SUR LES DEMANDES ACCESSOIRES :
Madame [O] [P], partie perdante, supportera la charge des dépens, qui comprendront notamment le coût du commandement de payer, de l’assignation et de sa notification à la préfecture.
Compte tenu de la situation économique respective des parties, il n’est pas inéquitable de laisser à la charge de la SASU ACTION LOGEMENT SERVICES ses frais irrépétibles.
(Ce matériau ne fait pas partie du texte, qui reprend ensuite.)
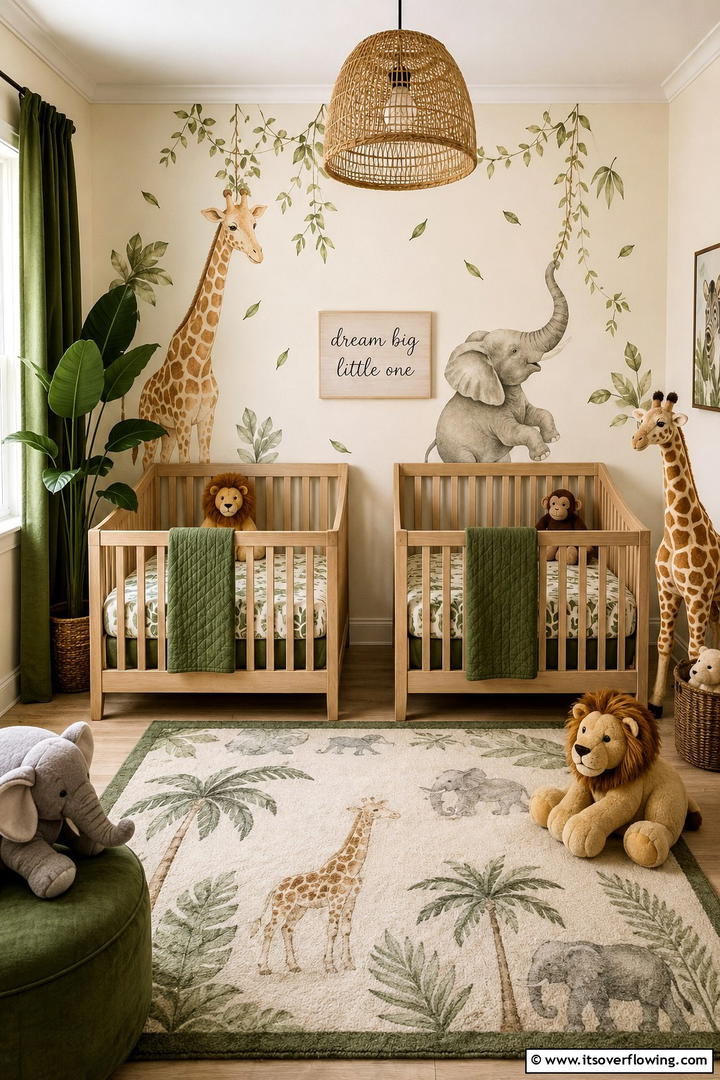 Whimsical Animal Motifs - 30 Twin Nursery Ideas for Stylish & Functional Baby Spaces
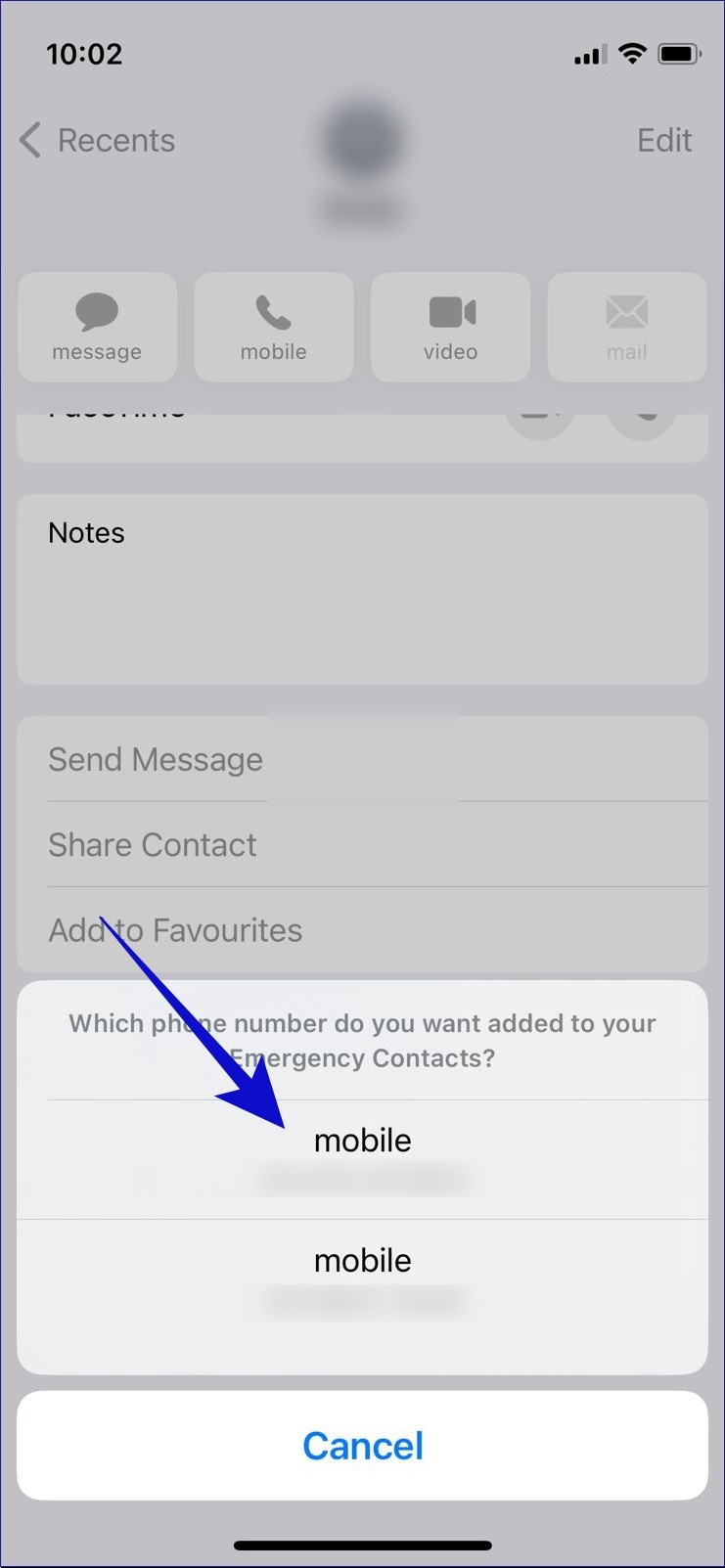 choose a number to add to emergency contacts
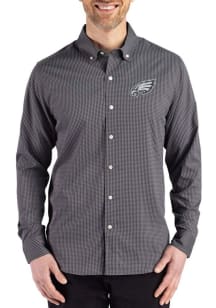 Cutter and Buck Philadelphia Eagles Mens Black Mono Gingham LS Woven Long Sleeve Dress Shirt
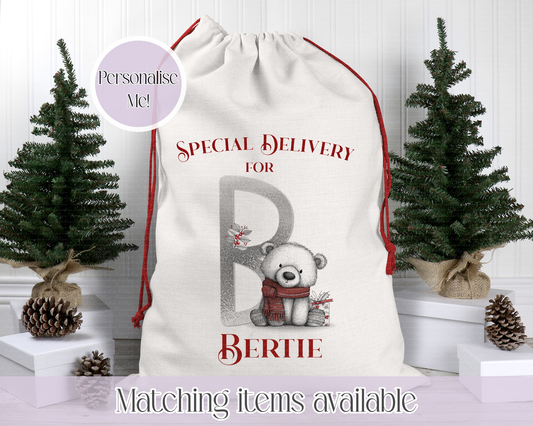 Quirky Christmas Polar Bear Santa Sack - Christmas Personalised Sack - 2 SIZES - 2 TYPES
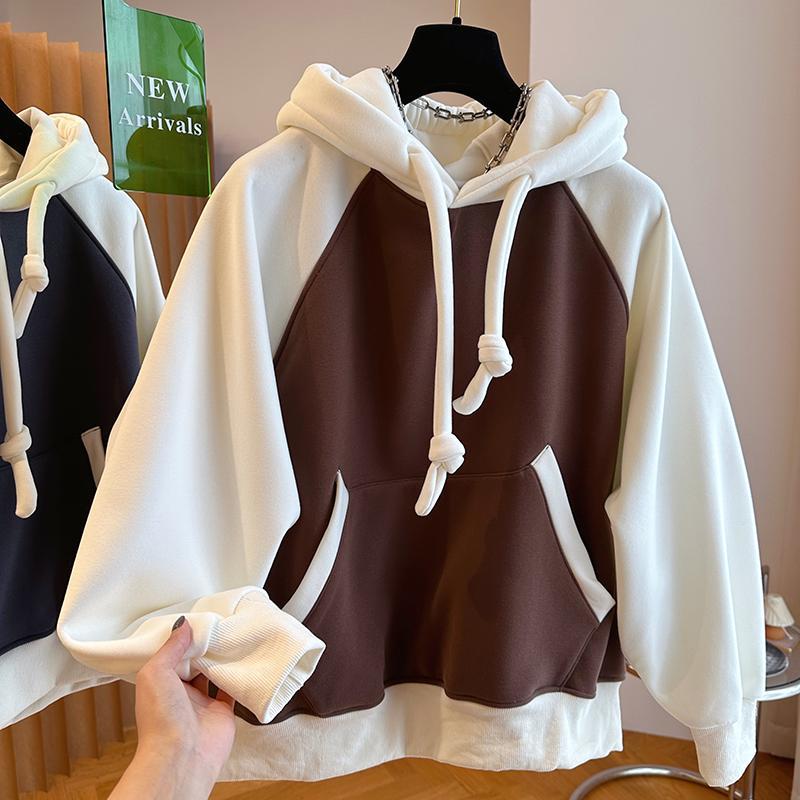 胖mm特大码300斤拼接撞色加厚连帽卫衣女秋冬慵懒风休闲套头上衣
La présente décision est exécutoire à titre provisoire en application des dispositions de l’article 514 du code de procédure civile.
PAR CES MOTIFS
Le juge des contentieux de la protection, statuant par jugement mis à disposition au greffe, contradictoire et en premier ressort,
CONSTATE que les conditions d’acquisition de la clause résolutoire figurant au bail en date du 16 avril 2021 conclu entre Monsieur [V] [E] d’une part et Madame [O] [P] d’autre part concernant un appartement à usage d’habitation (n°12, bâtiment A) et un parking en sous-sol (n°206) situés Résidence l’Astral, 2 rue Jeanne Lanvin à Toulouse (31300), sont réunies à la date du 20 novembre 2023 ;
CONDAMNE Madame [O] [J] épouse [P] à verser à la SASU ACTION LOGEMENT SERVICES la somme de 8.917,56 euros, selon décompte en date du 1er octobre 2024, mensualité de septembre 2024 incluse, avec intérêts au taux légal à compter du commandement de payer en date du 19 septembre 2023 sur la somme de 2.536,36€ et à compter de la présente décision pour le surplus ;
AUTORISE Madame [O] [J] épouse [P] à s’acquitter de cette somme, outre le loyer et les charges courants, en 35 mensualités de 247 € chacune et une 36ème mensualité qui soldera la dette en principal et intérêts ;
PRECISE que chaque mensualité devra intervenir avant le 10 de chaque mois et pour la première fois avant le 10 du mois suivant la signification de la présente ordonnance ;
SUSPEND les effets de la clause résolutoire pendant l’exécution des délais
accordés ;
DIT que si la dette locative est apurée dans les délais ou de façon anticipée, la clause résolutoire sera réputée n’avoir jamais été acquise ;
DIT qu’en revanche, toute mensualité, qu’elle soit due au titre du loyer et des charges courants ou de l’arriéré, restée impayée sept jours après l’envoi d’une mise en demeure par lettre recommandée avec avis de réception justifiera :
* que la clause résolutoire retrouve son plein effet ; * que le solde de la dette devienne immédiatement exigible ;
* qu’à défaut pour Madame [O] [J] épouse [P] d’avoir volontairement libéré les lieux dans les deux mois de la délivrance d’un commandement de quitter les lieux, il pourra être procédé à son expulsion ainsi qu’à celle de tous les occupants de son chef, avec le concours d’un serrurier et de la force publique si besoin est, sur demande de la SASU ACTION LOGEMENT SERVICES ;
* que Madame [O] [J] épouse [P] soit condamnée à verser à la SASU ACTION LOGEMENT SERVICES, sur présentation d’une quittance subrogative, une indemnité mensuelle d’occupation égale au montant du loyer et des charges qui auraient été dus en l’absence de résiliation du bail jusqu’à la date de la libération définitive des lieux caractérisée par la remise des clés ;
CONDAMNE Madame [O] [J] épouse [P] aux dépens, qui comprendront notamment le coût du commandement de payer, de l’assignation et de sa notification à la préfecture ;
DEBOUTE la SASU ACTION LOGEMENT SERVICES de toute demande plus ample ou contraire;
RAPPELLE que le présent jugement est exécutoire à titre provisoire.